• The task: Leave out the images and return all the data word for word.

#### Given data ####

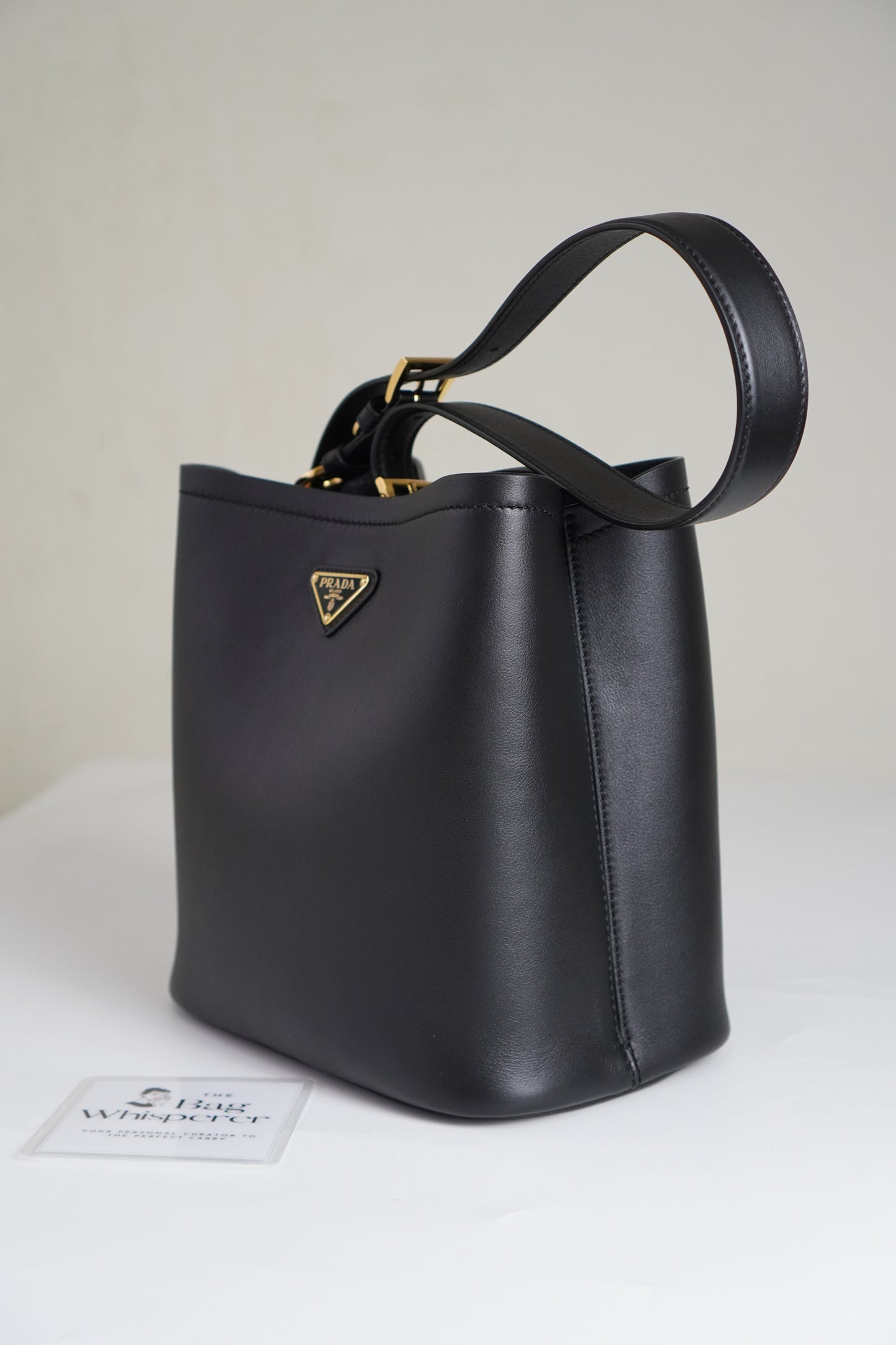 Bucket Bag in smooth Nappa leather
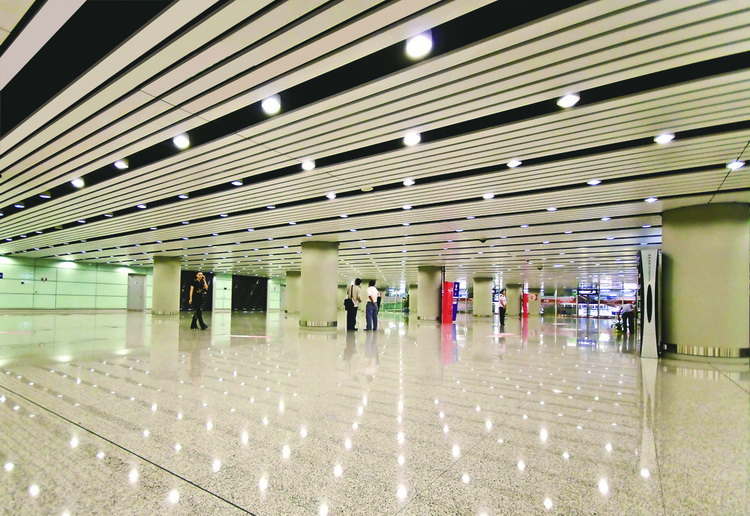 High speed railway station hall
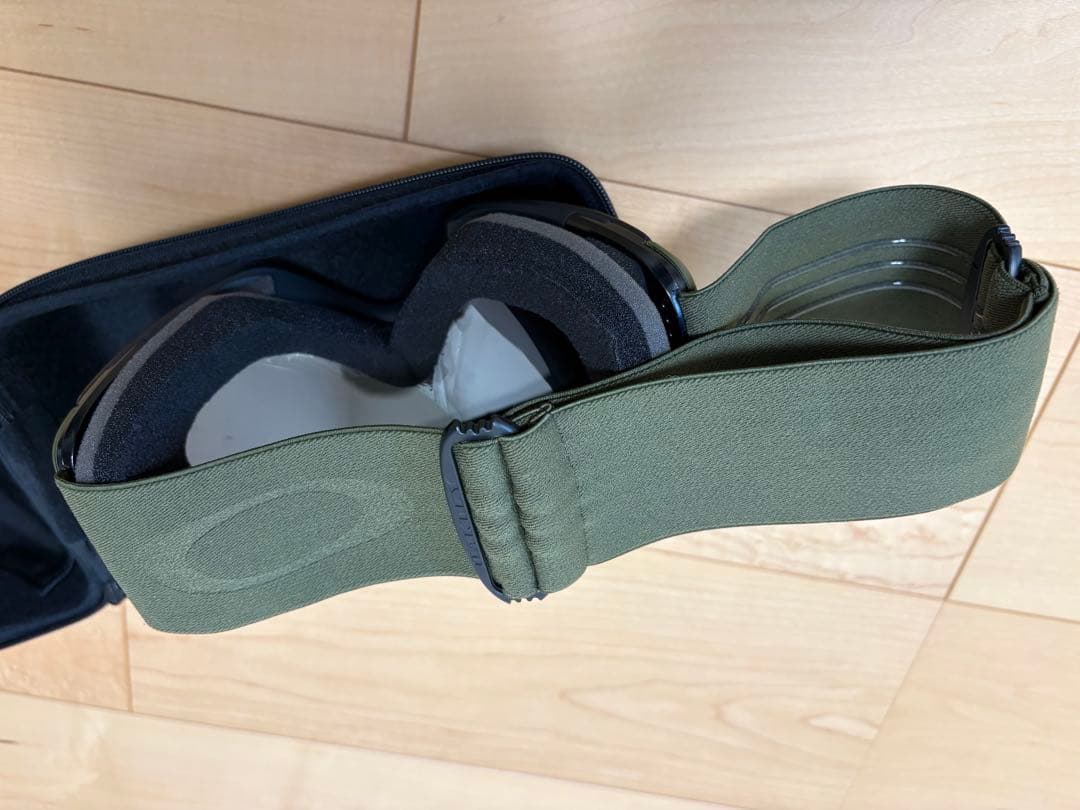 オークリー　スノーボード用ゴーグル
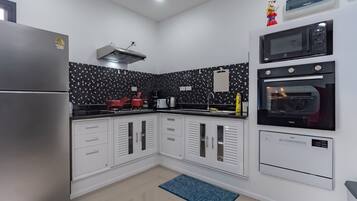 Villa, 3 habitaciones, alberca privada, vista a la montaña | Interior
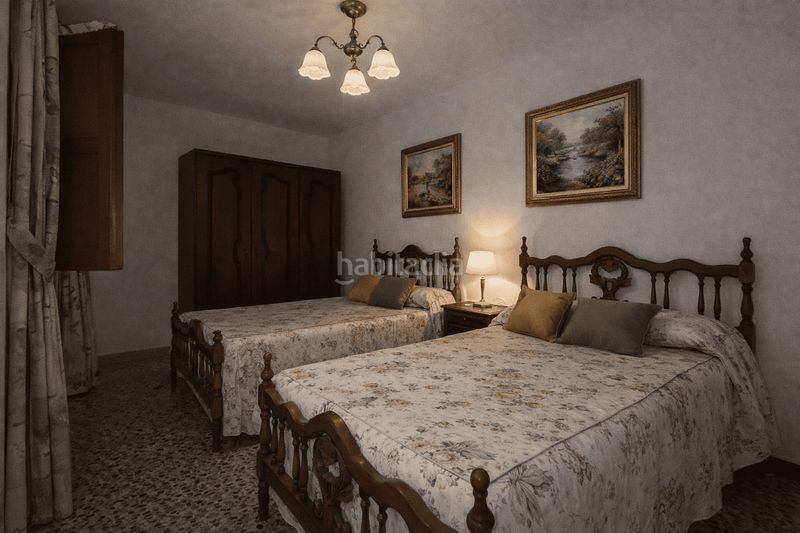 Foto cc33688e-4565-4cfe-833e-cb532163fd48. Casa amb xemeneia a Sisante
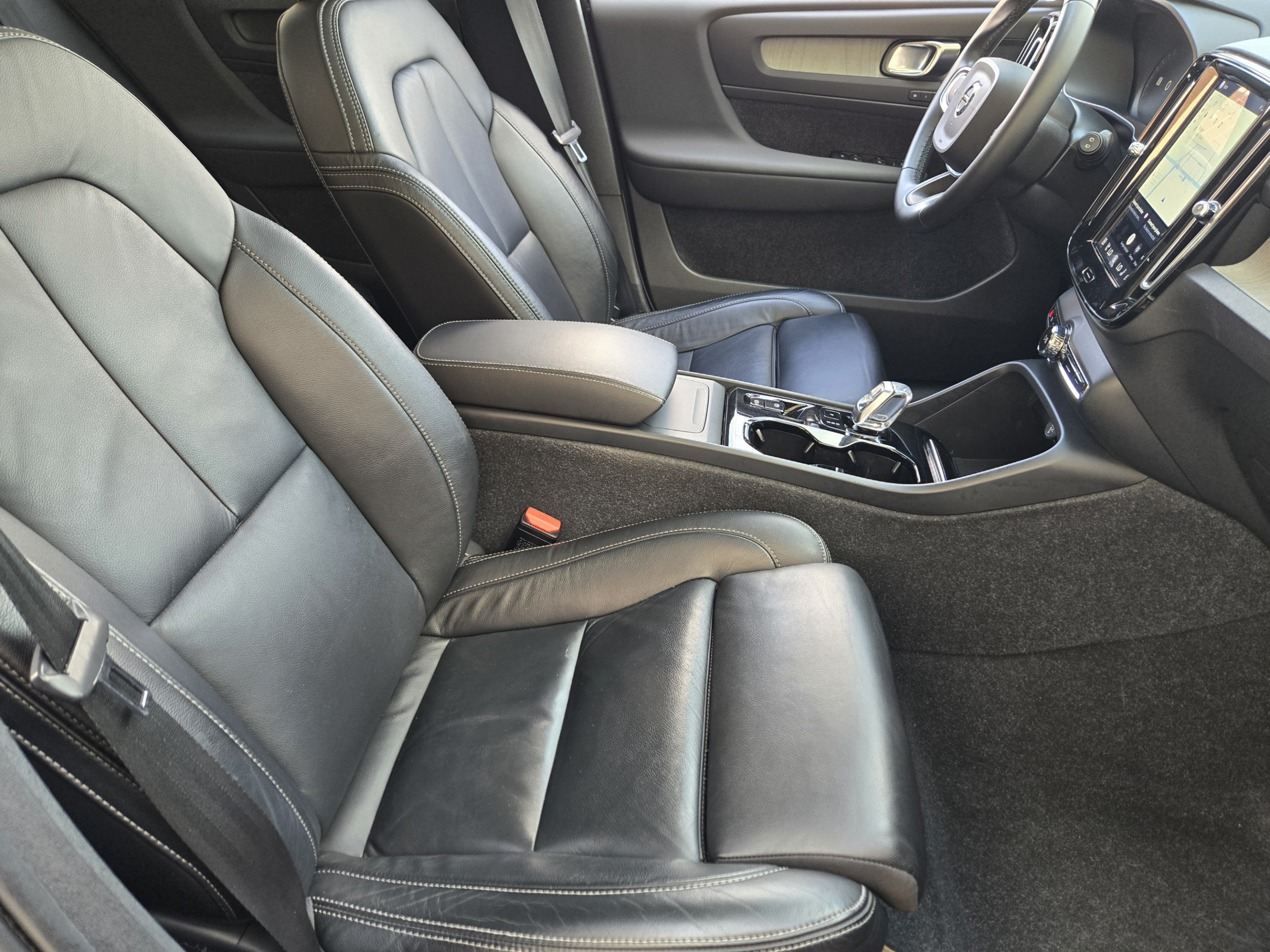Used 2023 Volvo XC40 B4 Plus w/ Protection Package Premier FWD image 12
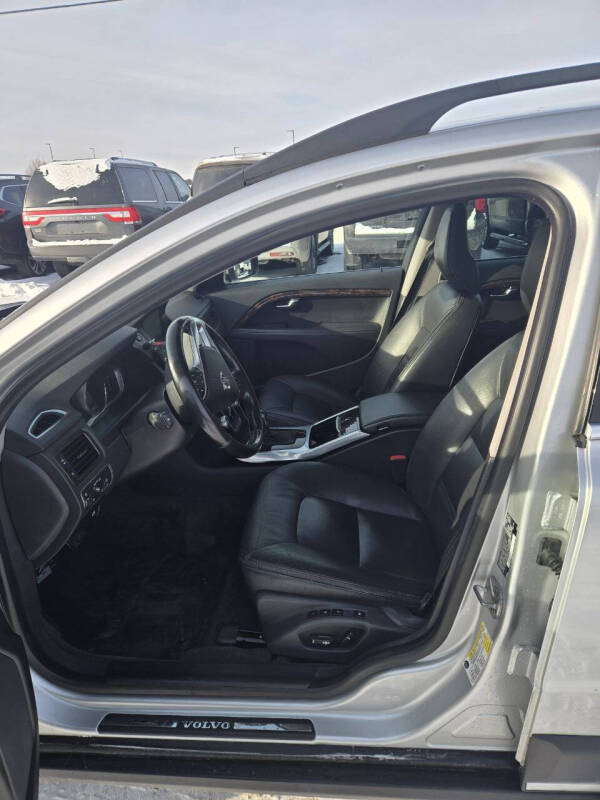 2015 Volvo XC70 T6 Platinum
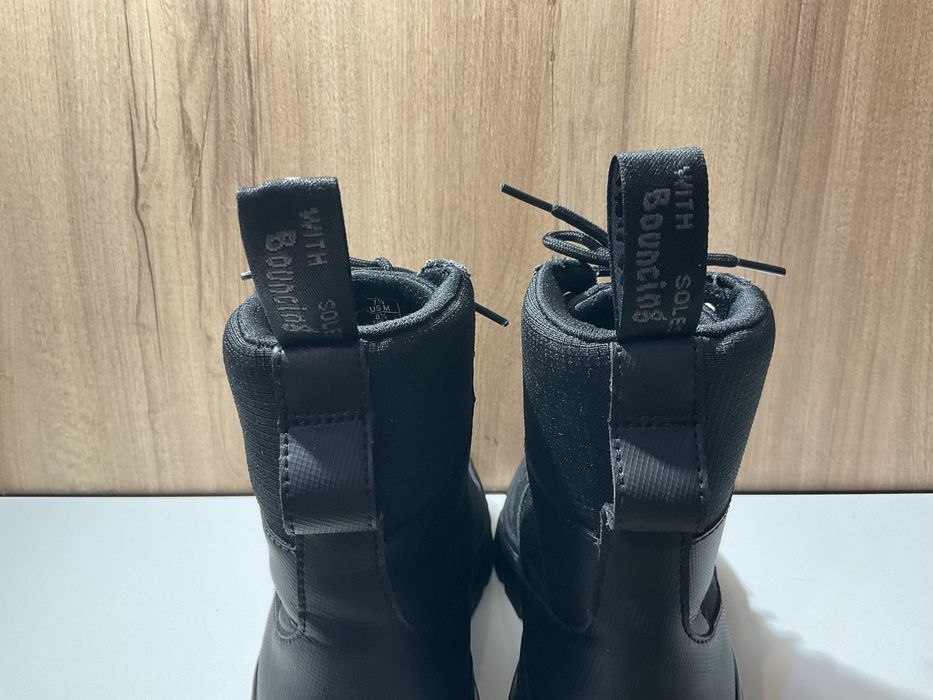 Обувки (боти) Dr. Martens Combs Tech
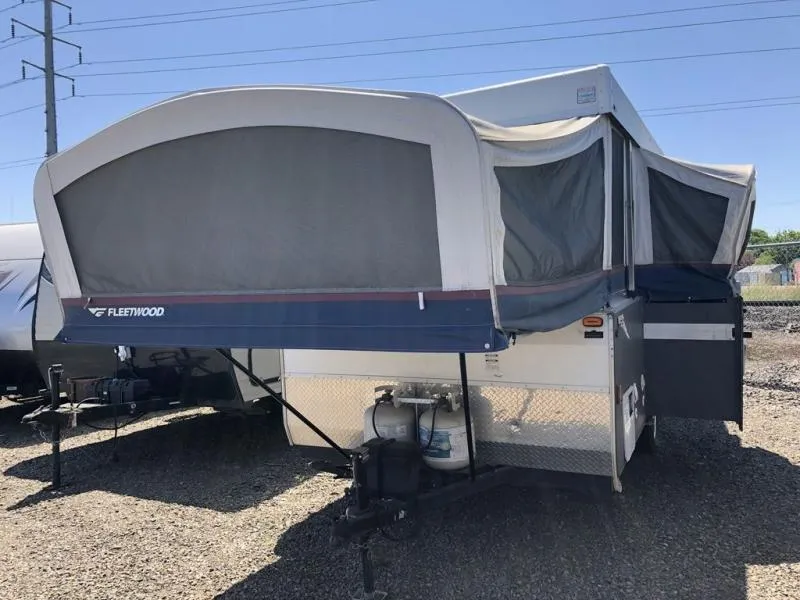 2005 Fleetwood RV Niagara Used    3933 - Photo 2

####

• Task result:
 Bucket Bag in smooth Nappa leather
 High speed railway station hall
 オークリー　スノーボード用ゴーグル
 Villa, 3 habitaciones, alberca privada, vista a la montaña | Interior
 Foto cc33688e-4565-4cfe-833e-cb532163fd48. Casa amb xemeneia a Sisante
Used 2023 Volvo XC40 B4 Plus w/ Protection Package Premier FWD image 12
 2015 Volvo XC70 T6 Platinum
 Обувки (боти) Dr. Martens Combs Tech
 2005 Fleetwood RV Niagara Used    3933 - Photo 2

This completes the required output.